[Dataset entries]
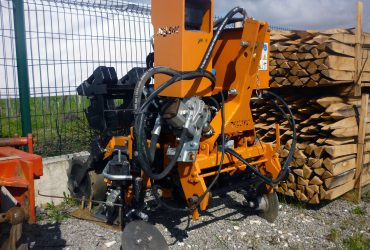 cultivateur pellenc vigne travail sous le rang a saint emilion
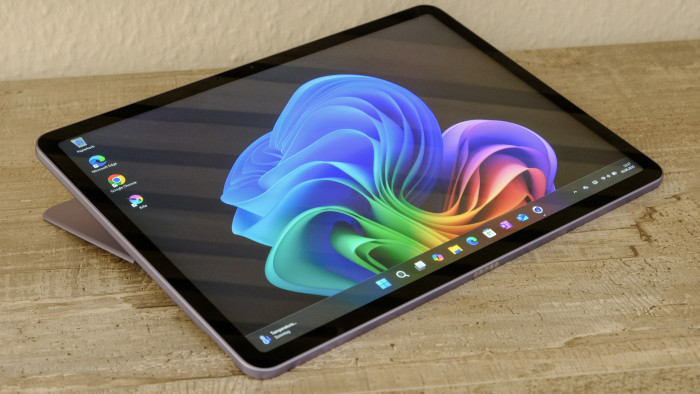 Surface Pro 12 (Bild: Oliver Nickel/Golem.de)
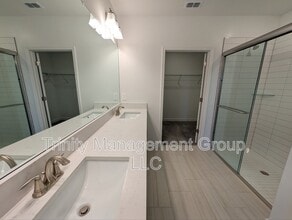 10754 Gable Dig Lp in San Antonio, FL - Building Photo - Building Photo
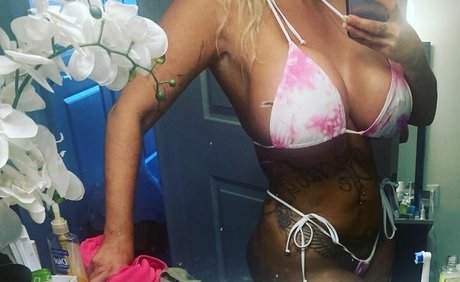 Kacey Diamonds OnlyFansリークヌード写真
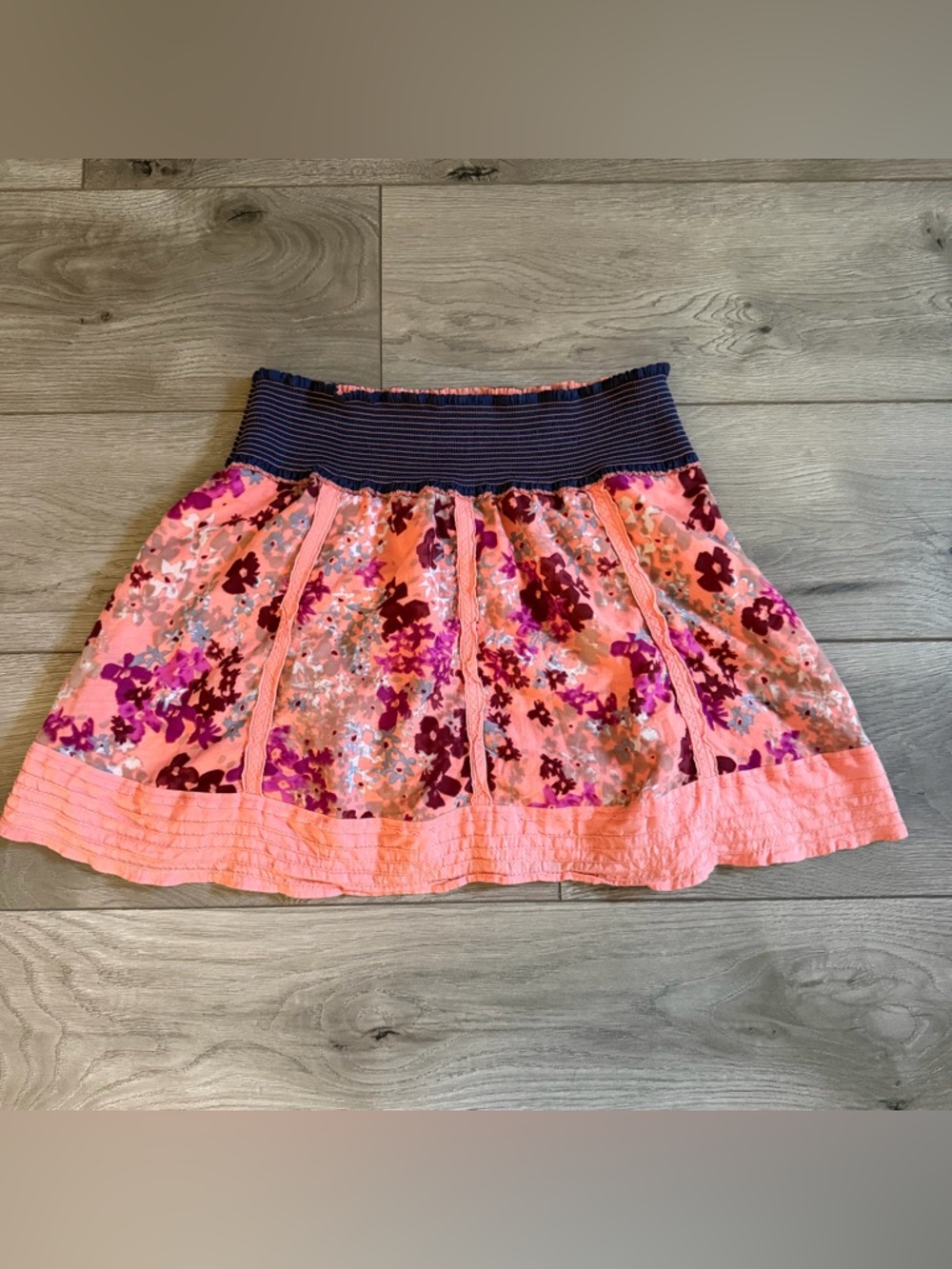 Free People Salmon Floral Mini Skirt with Navy Elastic Waist Size Small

▶ [WHAT IS NEEDED] If any image appears in the entries, omit it and return the rest verbatim.

▶ [RESULT OF THIS TASK]
 cultivateur pellenc vigne travail sous le rang a saint emilion
 Surface Pro 12 (Bild: Oliver Nickel/Golem.de)
 10754 Gable Dig Lp in San Antonio, FL - Building Photo - Building Photo
 Kacey Diamonds OnlyFansリークヌード写真
 Free People Salmon Floral Mini Skirt with Navy Elastic Waist Size Small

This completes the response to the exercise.